HorA Server Documentation

Component
As shown in this flowchart, HorA server has three components: a negative filter, a positive filter, and a SVM model. 'neg' stands for the negative filter, 'hh' stands for the positive filter because the positive filter is HHsearch score, and 'svm' stands for the SVM model.

Score
If the component is 'hh', the score is the HHsearch probability ranging from 0 (least likely to be homologous) to 1 (most likely to be homologous). If the component is 'svm', the score is given by the SVM model. The higher the SVM score, the more likely the the pair is homologous.

Scaled score
Suppose S12 is the raw score between domain 1 and domain 2, Srandom is the random score between domain 1 and domain 2, S11 is the raw score between domain 1 and itself, and S22 is the raw score between domain 2 and itself. The scaled score between domain 1 and domain 2 equals (S12-Srandom) / ((S11+S22)/2 - Srandom). Scaled scores and modified z-scores (below) are used as input to the SVM model.

Modified z-score
Suppose S12 is the raw score between domain 1 and domain2. Suppose M1 and VAR1 are the mean and variance of the score distribution generated by comparing domain 1 to every domain in the database. And M2 and VAR2 are the same thing for domain 2. We calculate M12 = (M1 + M2) / 2 and STD12 = square_root((VAR1+VAR2) / 2). Modified z-score is calculated as Z = (S12 - M12) / STD12. Z is then transformed to Ztran: Ztran = 1 / (1 + e**(-Z)),   ** meaning power. Modified z-scores and scaled scores (above) are used as input to the SVM model.

DALI match
HHsearch alignments are displayed with DALI match line above the alignments. When the HHsearch aligned positions are exactly match with the DALI alignment (or other structural alignments FAST/TMalign if DALI is not alvailable), the aligned positions are marked with asterisks (*).

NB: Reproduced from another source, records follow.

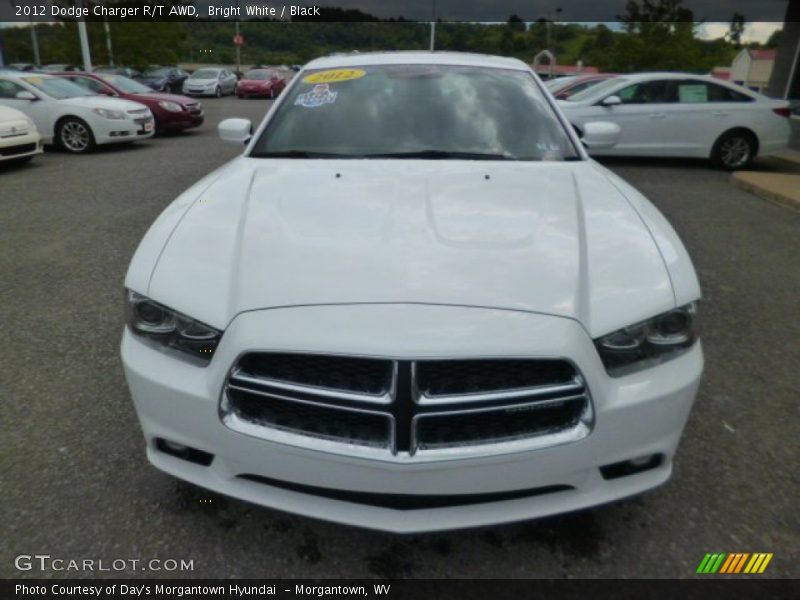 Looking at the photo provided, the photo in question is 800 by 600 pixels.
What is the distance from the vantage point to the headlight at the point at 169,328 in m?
1.77

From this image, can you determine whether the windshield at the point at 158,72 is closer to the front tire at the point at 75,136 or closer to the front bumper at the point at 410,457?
the front tire at the point at 75,136

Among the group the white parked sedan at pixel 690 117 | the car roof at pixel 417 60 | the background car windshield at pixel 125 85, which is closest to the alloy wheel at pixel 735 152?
the white parked sedan at pixel 690 117

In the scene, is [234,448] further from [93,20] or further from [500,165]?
[93,20]

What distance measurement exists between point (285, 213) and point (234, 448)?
91 centimetres

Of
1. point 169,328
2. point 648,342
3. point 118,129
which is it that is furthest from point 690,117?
point 118,129

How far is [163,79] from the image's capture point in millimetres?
26062

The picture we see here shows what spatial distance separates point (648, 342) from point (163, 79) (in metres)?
28.7

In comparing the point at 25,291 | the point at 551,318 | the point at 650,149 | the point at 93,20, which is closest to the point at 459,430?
the point at 551,318

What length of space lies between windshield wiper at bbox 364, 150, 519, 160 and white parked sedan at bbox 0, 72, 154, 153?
932 cm

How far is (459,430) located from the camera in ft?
5.51

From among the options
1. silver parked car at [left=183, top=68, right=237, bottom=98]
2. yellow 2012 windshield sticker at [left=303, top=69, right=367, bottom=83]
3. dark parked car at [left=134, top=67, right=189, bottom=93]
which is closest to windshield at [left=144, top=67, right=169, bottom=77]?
dark parked car at [left=134, top=67, right=189, bottom=93]

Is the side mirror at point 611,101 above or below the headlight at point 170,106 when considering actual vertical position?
above

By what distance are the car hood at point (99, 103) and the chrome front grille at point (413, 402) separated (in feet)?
34.2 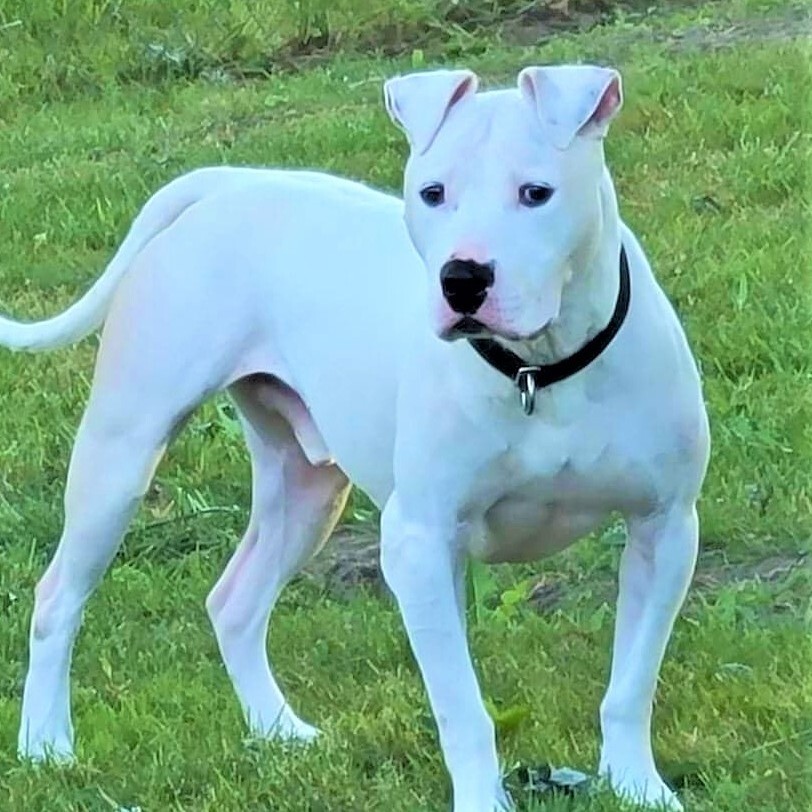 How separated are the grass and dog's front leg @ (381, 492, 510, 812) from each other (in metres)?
0.18

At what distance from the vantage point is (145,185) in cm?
1028

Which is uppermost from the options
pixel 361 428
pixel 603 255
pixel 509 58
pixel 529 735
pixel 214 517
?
pixel 603 255

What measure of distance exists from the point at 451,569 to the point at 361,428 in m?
0.49

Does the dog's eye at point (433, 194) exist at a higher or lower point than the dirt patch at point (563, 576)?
higher

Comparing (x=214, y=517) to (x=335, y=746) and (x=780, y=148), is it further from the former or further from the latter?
(x=780, y=148)

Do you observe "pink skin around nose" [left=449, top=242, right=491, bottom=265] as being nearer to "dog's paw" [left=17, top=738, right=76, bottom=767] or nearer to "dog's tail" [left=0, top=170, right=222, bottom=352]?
"dog's tail" [left=0, top=170, right=222, bottom=352]

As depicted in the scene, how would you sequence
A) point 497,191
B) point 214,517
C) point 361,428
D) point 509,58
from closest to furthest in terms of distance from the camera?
point 497,191
point 361,428
point 214,517
point 509,58

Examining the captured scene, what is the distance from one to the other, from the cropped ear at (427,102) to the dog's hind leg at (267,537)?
1.36m

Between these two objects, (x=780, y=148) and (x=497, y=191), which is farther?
(x=780, y=148)

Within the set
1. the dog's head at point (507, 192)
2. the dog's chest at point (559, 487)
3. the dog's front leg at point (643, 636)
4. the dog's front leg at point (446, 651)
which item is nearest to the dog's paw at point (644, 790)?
the dog's front leg at point (643, 636)

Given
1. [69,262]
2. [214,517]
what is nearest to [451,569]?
[214,517]

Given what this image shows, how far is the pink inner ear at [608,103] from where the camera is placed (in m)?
4.20

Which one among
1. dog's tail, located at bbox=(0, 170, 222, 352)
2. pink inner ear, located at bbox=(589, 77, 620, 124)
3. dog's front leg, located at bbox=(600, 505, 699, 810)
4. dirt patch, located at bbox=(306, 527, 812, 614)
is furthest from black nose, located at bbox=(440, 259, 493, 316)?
dirt patch, located at bbox=(306, 527, 812, 614)

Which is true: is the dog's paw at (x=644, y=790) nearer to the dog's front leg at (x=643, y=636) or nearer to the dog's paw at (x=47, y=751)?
the dog's front leg at (x=643, y=636) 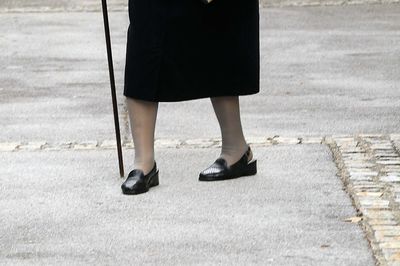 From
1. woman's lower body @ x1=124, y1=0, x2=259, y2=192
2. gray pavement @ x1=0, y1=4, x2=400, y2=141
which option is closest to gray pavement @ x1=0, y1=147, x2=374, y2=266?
woman's lower body @ x1=124, y1=0, x2=259, y2=192

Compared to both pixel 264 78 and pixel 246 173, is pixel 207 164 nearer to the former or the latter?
pixel 246 173

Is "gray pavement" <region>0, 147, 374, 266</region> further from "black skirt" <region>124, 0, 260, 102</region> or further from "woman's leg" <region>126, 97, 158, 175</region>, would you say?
"black skirt" <region>124, 0, 260, 102</region>

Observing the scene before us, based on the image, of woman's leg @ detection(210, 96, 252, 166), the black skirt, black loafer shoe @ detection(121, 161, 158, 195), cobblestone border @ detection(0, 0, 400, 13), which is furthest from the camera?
A: cobblestone border @ detection(0, 0, 400, 13)

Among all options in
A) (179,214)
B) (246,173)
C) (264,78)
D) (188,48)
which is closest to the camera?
(179,214)

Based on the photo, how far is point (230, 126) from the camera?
23.3ft

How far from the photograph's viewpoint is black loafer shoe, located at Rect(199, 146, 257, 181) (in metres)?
7.09

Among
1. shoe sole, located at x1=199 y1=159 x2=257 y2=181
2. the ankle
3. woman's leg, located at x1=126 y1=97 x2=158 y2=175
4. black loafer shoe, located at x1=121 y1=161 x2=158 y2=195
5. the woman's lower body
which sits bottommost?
shoe sole, located at x1=199 y1=159 x2=257 y2=181

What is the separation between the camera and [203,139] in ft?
27.2

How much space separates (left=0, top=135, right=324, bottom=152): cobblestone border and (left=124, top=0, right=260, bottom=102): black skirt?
1.24 metres

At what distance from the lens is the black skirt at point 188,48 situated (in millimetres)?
6676

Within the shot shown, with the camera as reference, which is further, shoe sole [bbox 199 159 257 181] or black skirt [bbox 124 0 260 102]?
shoe sole [bbox 199 159 257 181]

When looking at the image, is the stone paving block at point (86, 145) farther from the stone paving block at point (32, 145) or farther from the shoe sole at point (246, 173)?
the shoe sole at point (246, 173)

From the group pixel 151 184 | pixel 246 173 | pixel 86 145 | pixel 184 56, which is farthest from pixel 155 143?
pixel 184 56

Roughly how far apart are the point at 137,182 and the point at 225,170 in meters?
0.56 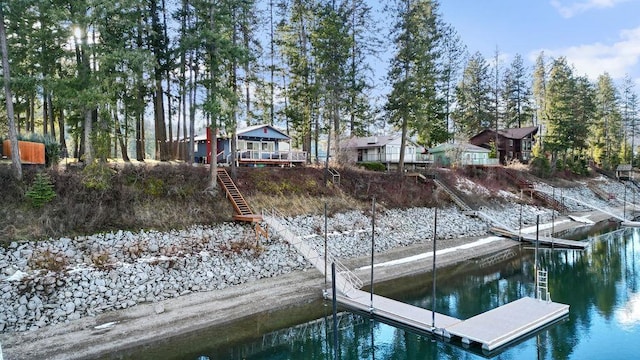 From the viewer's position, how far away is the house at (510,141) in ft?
184

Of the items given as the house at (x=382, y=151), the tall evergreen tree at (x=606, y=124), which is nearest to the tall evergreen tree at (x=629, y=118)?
the tall evergreen tree at (x=606, y=124)

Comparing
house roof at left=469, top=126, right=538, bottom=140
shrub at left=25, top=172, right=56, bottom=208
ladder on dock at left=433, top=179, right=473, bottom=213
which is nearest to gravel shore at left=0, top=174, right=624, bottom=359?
shrub at left=25, top=172, right=56, bottom=208

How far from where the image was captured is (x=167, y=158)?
2948 centimetres

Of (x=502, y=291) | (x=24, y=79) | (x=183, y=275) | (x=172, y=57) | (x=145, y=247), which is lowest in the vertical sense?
(x=502, y=291)

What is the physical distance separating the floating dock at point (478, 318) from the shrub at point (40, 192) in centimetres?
1362

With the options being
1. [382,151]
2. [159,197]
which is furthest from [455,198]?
[159,197]

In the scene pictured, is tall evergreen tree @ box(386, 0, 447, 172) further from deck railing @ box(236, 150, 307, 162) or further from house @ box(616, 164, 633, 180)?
house @ box(616, 164, 633, 180)

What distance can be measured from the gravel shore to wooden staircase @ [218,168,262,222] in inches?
25.7

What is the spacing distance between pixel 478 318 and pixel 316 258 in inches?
315

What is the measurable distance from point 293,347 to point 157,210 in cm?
1056

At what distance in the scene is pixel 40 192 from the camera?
17375mm

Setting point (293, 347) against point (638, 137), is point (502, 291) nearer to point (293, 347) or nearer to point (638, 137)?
point (293, 347)

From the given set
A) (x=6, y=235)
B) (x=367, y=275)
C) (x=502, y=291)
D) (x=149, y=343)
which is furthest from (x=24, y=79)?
(x=502, y=291)

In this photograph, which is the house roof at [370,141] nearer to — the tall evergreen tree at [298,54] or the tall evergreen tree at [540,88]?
the tall evergreen tree at [298,54] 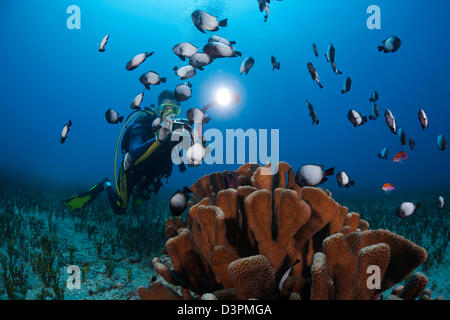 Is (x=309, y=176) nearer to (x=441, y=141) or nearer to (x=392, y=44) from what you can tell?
(x=392, y=44)

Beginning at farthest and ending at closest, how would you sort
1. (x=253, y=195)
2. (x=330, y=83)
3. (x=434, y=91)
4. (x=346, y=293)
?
(x=330, y=83) → (x=434, y=91) → (x=253, y=195) → (x=346, y=293)

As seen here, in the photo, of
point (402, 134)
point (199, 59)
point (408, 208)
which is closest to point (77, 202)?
point (199, 59)

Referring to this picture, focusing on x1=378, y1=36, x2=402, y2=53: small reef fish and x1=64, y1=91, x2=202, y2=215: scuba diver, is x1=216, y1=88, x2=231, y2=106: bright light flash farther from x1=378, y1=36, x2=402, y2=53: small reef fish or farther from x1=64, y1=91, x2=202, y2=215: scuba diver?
x1=378, y1=36, x2=402, y2=53: small reef fish

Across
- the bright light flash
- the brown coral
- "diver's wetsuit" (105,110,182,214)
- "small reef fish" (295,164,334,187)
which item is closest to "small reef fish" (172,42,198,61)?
the bright light flash

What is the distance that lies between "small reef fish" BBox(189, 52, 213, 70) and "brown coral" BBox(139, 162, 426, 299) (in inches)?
143

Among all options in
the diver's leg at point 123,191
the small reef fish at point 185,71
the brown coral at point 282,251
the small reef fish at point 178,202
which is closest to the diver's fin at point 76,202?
the diver's leg at point 123,191

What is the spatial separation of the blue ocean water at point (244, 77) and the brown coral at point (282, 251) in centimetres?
3750

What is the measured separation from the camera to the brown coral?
1442mm

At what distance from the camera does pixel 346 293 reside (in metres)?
1.53

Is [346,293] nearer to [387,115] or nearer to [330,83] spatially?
[387,115]

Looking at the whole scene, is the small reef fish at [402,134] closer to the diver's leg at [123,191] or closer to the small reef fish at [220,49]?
the small reef fish at [220,49] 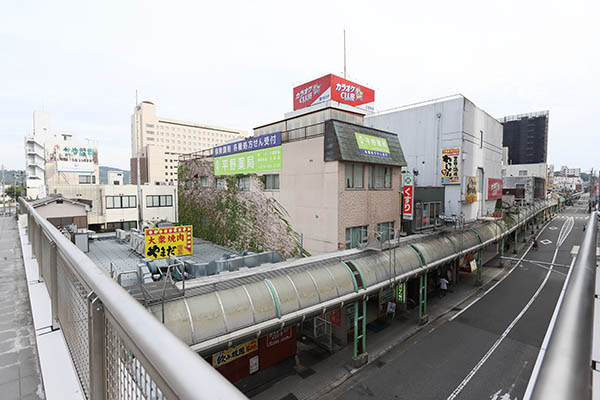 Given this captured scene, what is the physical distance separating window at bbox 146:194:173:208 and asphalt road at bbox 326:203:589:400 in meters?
46.8

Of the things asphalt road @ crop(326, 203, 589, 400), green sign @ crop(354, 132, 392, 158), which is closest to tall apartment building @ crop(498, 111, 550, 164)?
asphalt road @ crop(326, 203, 589, 400)

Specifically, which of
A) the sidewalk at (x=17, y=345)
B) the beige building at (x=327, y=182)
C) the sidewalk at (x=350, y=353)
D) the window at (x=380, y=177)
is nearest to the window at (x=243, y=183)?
the beige building at (x=327, y=182)

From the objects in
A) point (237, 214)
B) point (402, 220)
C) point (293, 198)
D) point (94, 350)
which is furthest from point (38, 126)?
point (94, 350)

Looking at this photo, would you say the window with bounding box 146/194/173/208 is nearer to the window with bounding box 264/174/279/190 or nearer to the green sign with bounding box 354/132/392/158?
the window with bounding box 264/174/279/190

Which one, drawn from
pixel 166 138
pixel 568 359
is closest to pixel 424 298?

If the aligned positions are not exactly same as DALI but within 4 residues from DALI aligned positions, they are marked by dots (.).

Consensus
Consensus score is an aggregate agreement value among three different structural alignment programs (DALI, FAST, and TMalign) that HorAServer runs to infer homologies. Consensus 0 means all of the alignments are different and 1 means at least two alignments agrees over significant potion of the alignments. Details are following; First, agreement values between alignments are calculated. This agreement is number of exactly matching aligned positions. Since there are three alignments programs, three agreement values are calculated (DALI vs. FAST, FAST vs. TMalign, and TMalign vs. DALI). The final consensus value is determined by the maximum of three agreement values divided by shorter length of query protein or hit protein.
Contact
Contact value (c) is number of long range contact in a DALI alignment. Suppose residues Ai and Aj in domain A are aligned to residues Bi and Bj in domain B, respectively. If Ai and Aj (and Bi and Bj) are separated by at least 10 amino acids in primary sequence and are within 14 Angstrom in the 3D structure, we consider that there is one long-range contact. By scanning all possible residue pairs in the aligned region, we sum up the total contact number c.